The structure of the Sales basically like this:
CREATE TABLE `sales` (
`id` int(10) unsigned NOT NULL AUTO_INCREMENT,
`created_at` timestamp NOT NULL DEFAULT '0000-00-00 00:00:00',
`updated_at` timestamp NOT NULL DEFAULT '0000-00-00 00:00:00',
`deleted_at` timestamp NULL DEFAULT NULL,
PRIMARY KEY (`id`),
KEY `contacts_created_at_index` (`created_at`),
KEY `contacts_deleted_at_index` (`deleted_at`),
KEY `ind_created_at_deleted_at` (`created_at`,`deleted_at`),
) ENGINE=InnoDB DEFAULT CHARSET=utf8 COLLATE=utf8_unicode_ci;
Some days (datapoints) might not have any results, but I don't like to have gaps in the data. So I also have some 'calendar' table.
CREATE TABLE `time_dimension` (
`id` int(11) NOT NULL,
`db_date` date NOT NULL,
`year` int(11) NOT NULL,
`month` int(11) NOT NULL,
`day` int(11) NOT NULL,
PRIMARY KEY (`id`),
UNIQUE KEY `td_ymd_idx` (`year`,`month`,`day`),
UNIQUE KEY `td_dbdate_idx` (`db_date`)
) ENGINE=MyISAM DEFAULT CHARSET=utf8;
Fetching 30 rows (30 days) with a count per day takes 30 secs...
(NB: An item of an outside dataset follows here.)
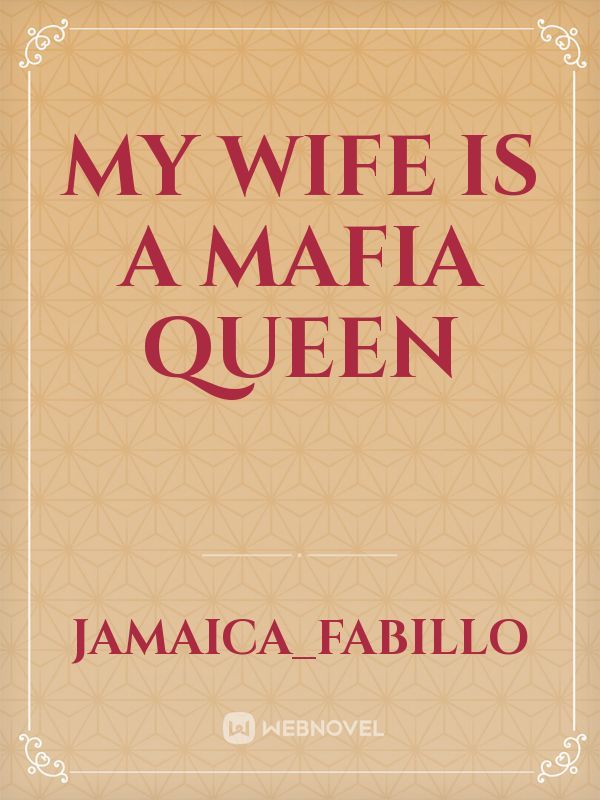 My Wife Is A MAFIA Queen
This is the first query I tried:
SELECT
`db_date` AS `date`,
(SELECT
COUNT(1)
FROM
sales
WHERE
DATE(created_at) = db_date) AS count
FROM
`time_dimension`
WHERE
`db_date` >= '2017-04-11'
AND `db_date` <= '2017-04-25'
ORDER BY `db_date` ASC
But like I said it's really slow (11.9 secs). I tried al kinds of other approaches, but without luck. For example:
SELECT time_dimension.db_date AS DATE,
COUNT(1) AS count
FROM sales RIGHT JOIN time_dimension ON (DATE(sales.created_at) =
time_dimension.db_date)
WHERE
(time_dimension.db_date BETWEEN '2017-03-11' AND '2017-04-11')
GROUP BY
DATE
A query for just 1 datapoint takes only 5.4ms:
SELECT COUNT(1) FROM sales WHERE created_at BETWEEN '2017-04-11 00:00:00' AND '2017-04-25 23:59:59'
I haven't checked innodb_buffer_poolsize on my local machine. I will check that as well. Any ideas on how to make queries like this fast? In the future I would even need to where clauses and joins, to filter the set of sales records..
Thanks.
Nick
You could try to count sale data first, then join count result with your calendar table.
SELECT time_dimension.db_date AS date,
by_date.sale_count
FROM time_dimension
LEFT JOIN (SELECT DATE(sales.created_at) sale_date,
COUNT(1) AS sale_count
FROM sales
WHERE created_at BETWEEN '2017-03-11 00:00:00' AND
'2017-04-11 23:59:59'
GROUP BY DATE(sales.created_at)) by_date
ON time_dimension.db_date = by_date.sale_date
WHERE time_dimension.db_date BETWEEN '2017-03-11' AND '2017-04-11'